You have now completed the regression analysis and can use the equation given in step 9 as a way of forecasting how changes in price will affect changes in the famine level. We only went over a simple way of doing CRA. You can use a variety of statistical tools and methods to do more complex and, in some cases, more accurate, ways of doing CRA. No one way is necessarily better than the others—it all depends on context and the nature of the variables. Scour the Internet for more information on multiple and multivariate regressions to learn how to do more advanced CRA. Also, research more ways of testing the significance of your findings, such as t-tests. Lastly, compare different data sets and sources to ensure your results did not come about because of faulty data. The processes are basically the same, and once you understand how to do simple CRA, you can easily learn how to do the more advanced analyses.

Volumetric Analysis

Separating volumetric analysis (VA) from CRA is somewhat artificial. The tools and methodologies you use to do VA are the same as you would use to do CRA. The difference lies in the type of data you analyze. VA entails finding associative relationships and the strength of causal relationships in data dealing with volume of traffic. Traffic on the Internet includes the number of times someone searches a word on Twitter and the number of hits to a website. Traffic in the offline world includes the number of shipments between two countries and the number of transactions between two bank accounts. When doing VA, the focus is not on the nuances and make-up of the event or behavior. Instead, it is on how many times the event or behavior occurred and how such volume data corresponds to other events. Contrast that with LSA, where the nuances and make-up of the data and the text matter. In practice, when doing VA you will often need to use other types of data as well. Still, we separate VA out to highlight the importance of traffic volume data and how it can hold amazing insights in cases where you cannot get access to all the data you want.

In this section, we expand on the example given in the CRA section. We now consider the fact that in the real world, you do not always have access to all the data you want. Additionally, the data you do get is usually incomplete or incompatible with other data sets. We consider how you can use volume traffic data, which in many cases is easier to get than complete data sets. In the following example, we continue to consider ways you can create tools to provide early warnings for famine. This time, we use real-world data and Twitter data.

Creating Tools to Provide Early Warnings for Famines with Artificial Data

Imagine you are tasked with creating another tool for your famine early-warning system that is distinct from the one we discussed in the CRA section. This new tool should complement your other tools and work in conjunction with them to provide more robust early warnings that take into account a number of factors. This tool should analyze different types of data and see if other behaviors can help you anticipate the onset and intensity of famine in a region.
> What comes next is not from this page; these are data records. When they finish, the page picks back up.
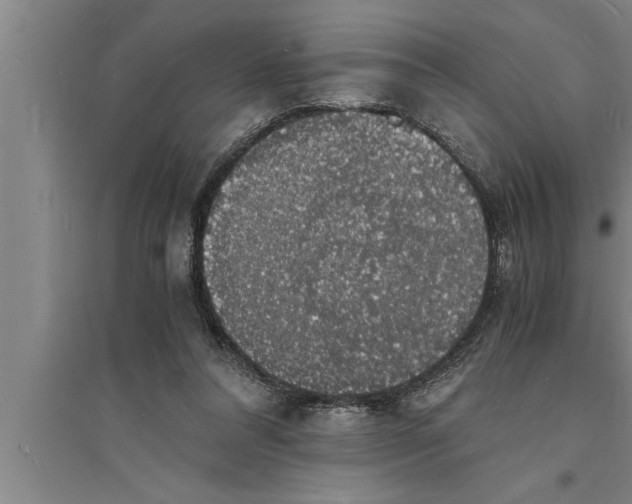 X0000094060304200711161531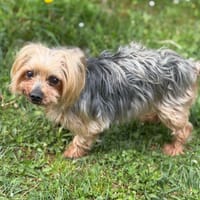 Roméo CAA15097, chien à adopter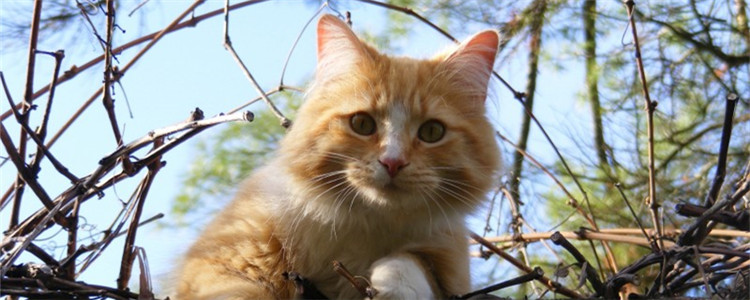 猫粮和狗粮有啥区别 猫可以吃狗粮吗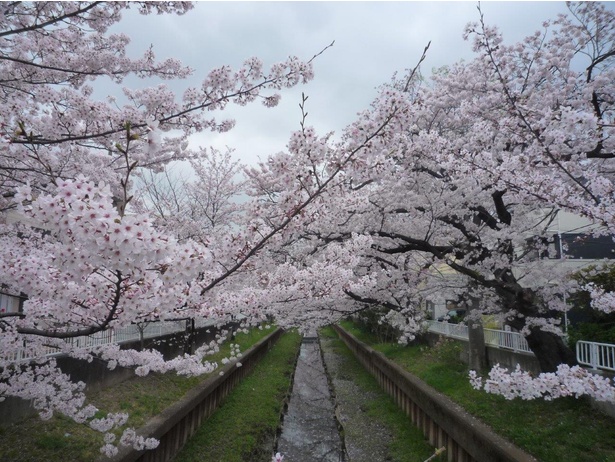 元住吉渋川沿い・中原平和公園の桜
One possibly useful data source is Twitter. Usually, when a major event happens, people take to Twitter to either report on it, as they did with the Benghazi consulate attack, or voice their opinion about it. Examining what people say on Twitter, when they say it, and how many people say it can tell you a lot about the event that is taking place. This view, however, does not always hold true, especially when dealing with events taking place in parts of the world that are not fully developed. Twitter is expanding into Latin America, Asia, and Africa aggressively and will likely be ubiquitous very soon. However, such widespread use of Twitter has not yet occurred. Information about events occurring in less developed areas such as Somalia may not appear on Twitter right away. You need to test whether you can use Twitter as a data source to analyze and provide early warnings about famines and food insecurity.

To test the viability of using Twitter as a valid data source, you need to examine how it has fared recently in anticipating famine and food insecurity events. The Somalia famine in mid-2011 serves as a good case study. It occurred relatively recently and you can easily find data about it. Overall, you need to assess whether information traffic related to the famine appeared on Twitter when famine conditions started to take place in Somalia, and whether the levels of the traffic matched the intensity of the famine level. If it did not, you need to determine the time lag between famine conditions taking place and information about it appearing on Twitter. If everything fails, you also need to find another data source that is more useful than Twitter.

Assemble Appropriate Data

We spent some time searching the Internet for relevant data. Apart from using the data sources we discussed in Chapter 4, we simply Googled together the terms “data” “Somalia” “famine” and sifted through the links. We found some that were useful and much that was incomplete, incorrect, or incompatible with other data sets.


Cross-Reference
All the data that you need for this example is available on our website in the file VA_example.xls or VA_example.csv. The XLS file also contains the outputs of our analyses.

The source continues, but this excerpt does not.